Duplicate Invoices (similarities in the invoice amount)

DA2023 · November 7, 2023, 6:14pm

Good evening everybody,

I’m working on a workflow that helps identifying duplicate invoices/payments.

Basically, there has to be a check for every invoice (each row in one column) in an excel file. The transaction should be considered as a “duplicate”, if: the “Vendor ID”, “Invoice Number” and “Invoice Date” are identical (exact match) and the “Invoice Amount in EUR” is “similar”.

Here, “similar” describes three possible scenarios (a kind of fuzzy logic):

The “Invoice Amount in EUR” differs ± 3% from each other (another invoice),
The “Invoice Amount in EUR” is exactly twice as high as the other (e.g. 50.15 and 100.30).
The “Inoice Amount in EUR” begins with the same first four digits (123.45 and 1,234.5).

It would be great, if the output could be similar to the “duplicate row filter”, with the duplicate classifier (chosen and duplucate) and duplicate identifier (e.g. row 12), so that the duplicates can be extracted and displayed seperately (e.g. for internal audit purposes).

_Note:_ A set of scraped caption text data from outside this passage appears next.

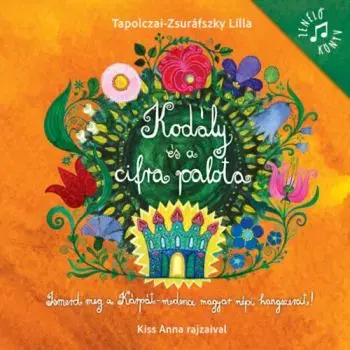 Kodály és a cifra palota - Lilla Tapolczai-Zsuráfszky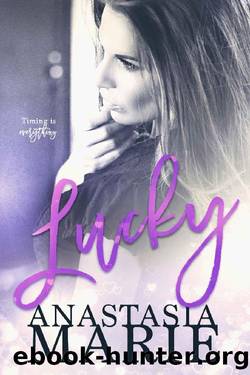 Lucky by Anastasia Marie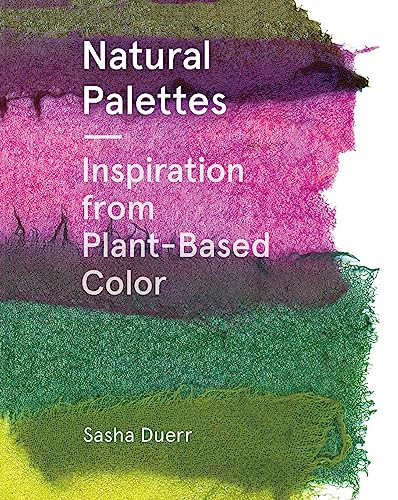 Natural Palettes (Inspiration from Plant-Based Color) by Sasha Duerr, 9781616897925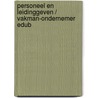 Personeel en leidinggeven / Vakman-ondernemer Edub door Onbekend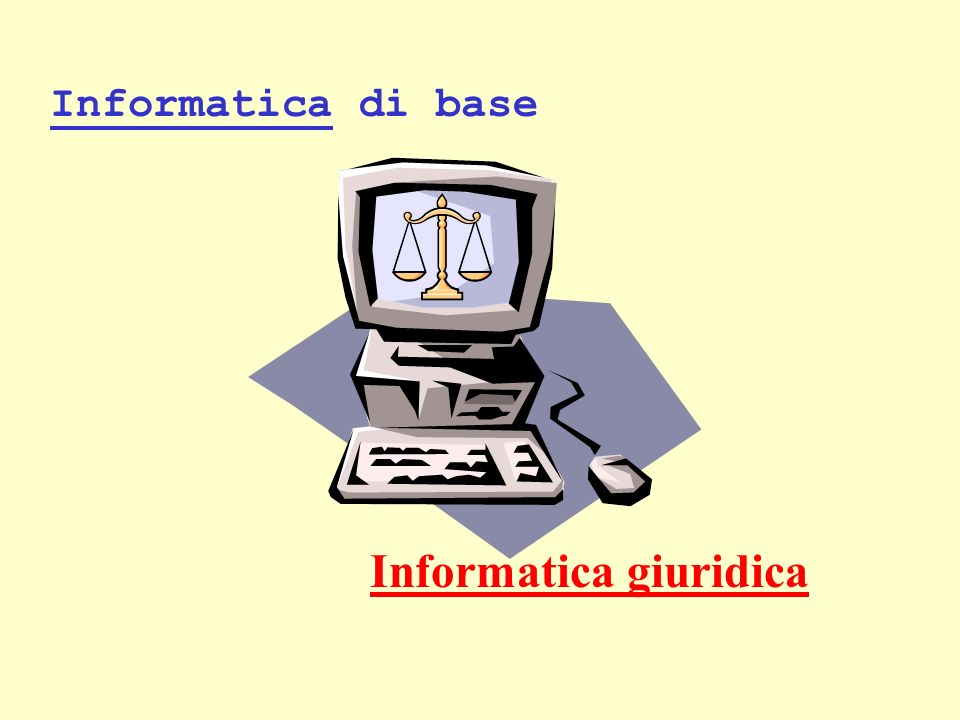 Informatica di base Informatica giuridica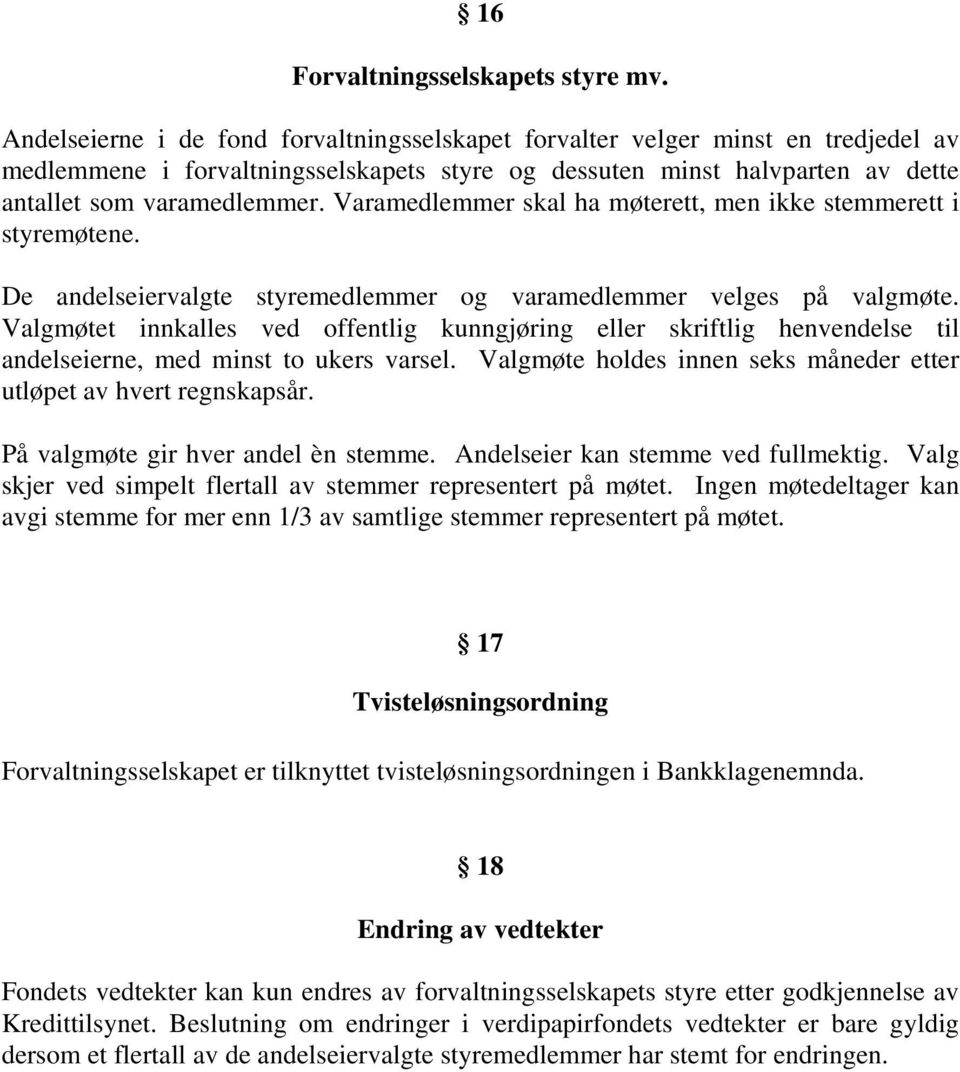 Varamedlemmer skal ha møterett, men ikke stemmerett i styremøtene. De andelseiervalgte styremedlemmer og varamedlemmer velges på valgmøte.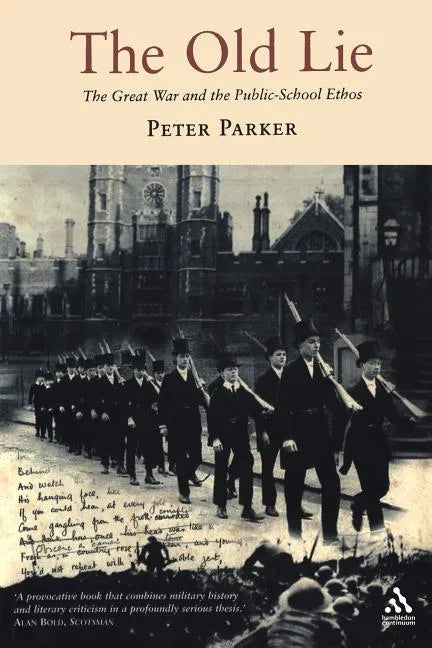 The Old Lie: The Great War and the Public-School Ethos - Paperback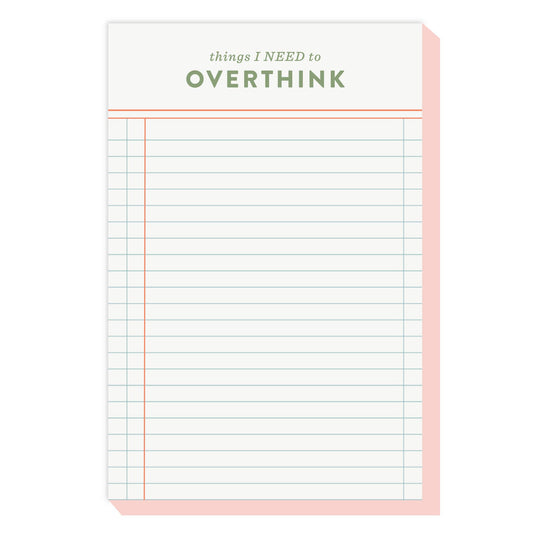 Things I Need To Overthink 4x6 Notepad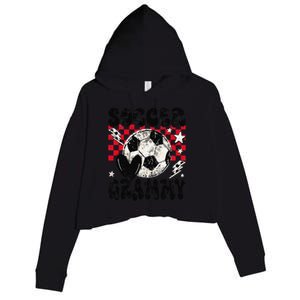 Groovy Soccer Grammy Soccer Lover MotherS Day Crop Fleece Hoodie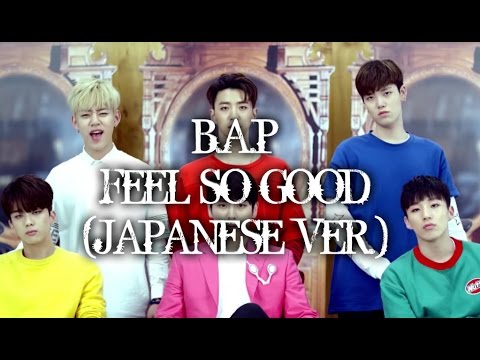B.A.P - FEEL SO GOOD (Japanese ver.) MV names/members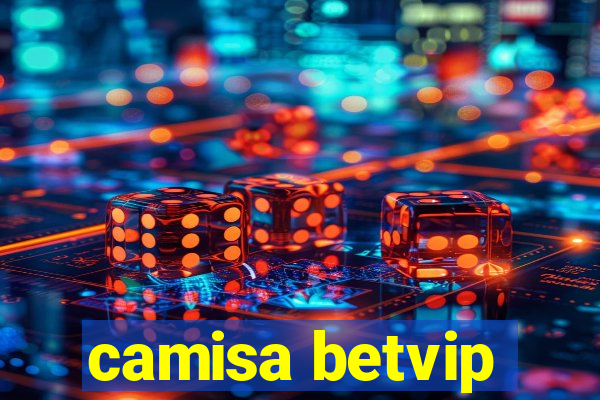 camisa betvip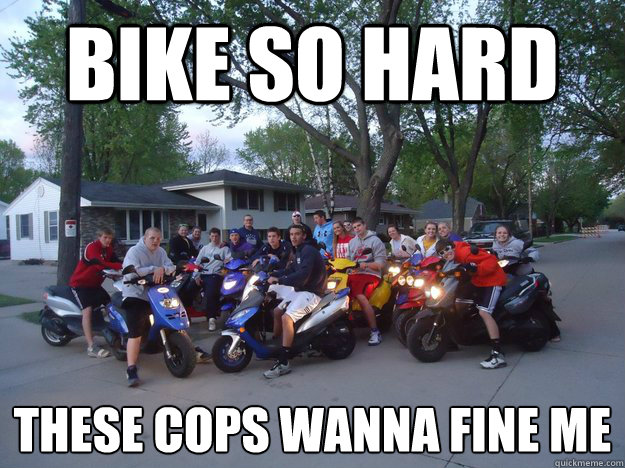 Bike so hard these cops wanna fine me
 - Bike so hard these cops wanna fine me
  Biker gang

Unfortunately, I have no idea on how to realize the “similar” criteria, as I don’t know how to do the check for each individual row in the column (check for all invoices, from invoice to invoice) and hope that someone can help.

Many Thanks in advance & best regards!

Kazimierz · November 8, 2023, 7:42am

Hello @DA2023

I have no ready-to-use solution; just two thoughts:

I would use ‘Duplicate Row Filter’ to identify invoices with identical ‘Vendor ID’, ‘Invoice Number’ and ‘Invoice Date’ columns.
Then, I would:

Make sure amount in ‘Invoice Amount in EUR’ is a number.
Calculate 3% variation.
Change numbers to strings.
Remove special characters like commas, dots, or any others, but keep the original values.
Change strings back to numbers.
Check if values meet conditions you mentioned: doubled values or with identical beginning.

Please treat this as inspiration for next trials.
Good luck,
Kaz

DA2023 · November 8, 2023, 3:34pm

Hello @Kazimierz

many Thanks for your help!

My problem is that I don’r really know, how to define a check from invoice to invoice. The invoices have to be compared to each other. The problem is that I don’t know, how to do that in KNIME.

Best regards,
DA

rfeigel · November 8, 2023, 4:15pm

Can you share a data set?

DA2023 · November 8, 2023, 4:33pm

Hi @rfeigel

unfortunately, I am not allowed to use the real data. But I have created an excel table. Here, I have tried to implement the patterns, I would like to search for. Hope that helps.

Best regards
DA
Test Data.xlsx (11.5 KB)

hmfa · November 8, 2023, 7:18pm

Hi @DA2023.

I produced this workflow for you.

Duplicate Invoices.knwf (94.9 KB)

Hope it helps.
Br

DA2023 · November 9, 2023, 3:40pm

Hi @hmfa

it works perfectly well, many Thanks for your support!

Just for my understanding: with the “Counter Generation” & “Joiner” nodes you have duplicatet the input in order make it comparible to each other, right? Can you tell, where I can find additional info regarding coding in the “Column Espressions” node?

Best regards
DA

hmfa · November 9, 2023, 4:14pm

Hi @DA2023

Yes, you are right.
The counter generation serves to uniquely identify each invoice.
The joiner relates the table to itself, to compare each invoice to all others from the same supplier and date, including itself.
Finally, it excludes lines where an invoice compares to itself because it is no exception (same counter).

The column expressions node is very powerful.

You can find more information about JAVA script rules here.

Br
Hugo

DA2023 · November 10, 2023, 12:24pm

Hi @hmfa ,

many Thanks for the Infio & your support!

Have a nice day & enjoy your weekend.

Best regards,
DA

system · November 17, 2023, 12:25pm

This topic was automatically closed 7 days after the last reply. New replies are no longer allowed.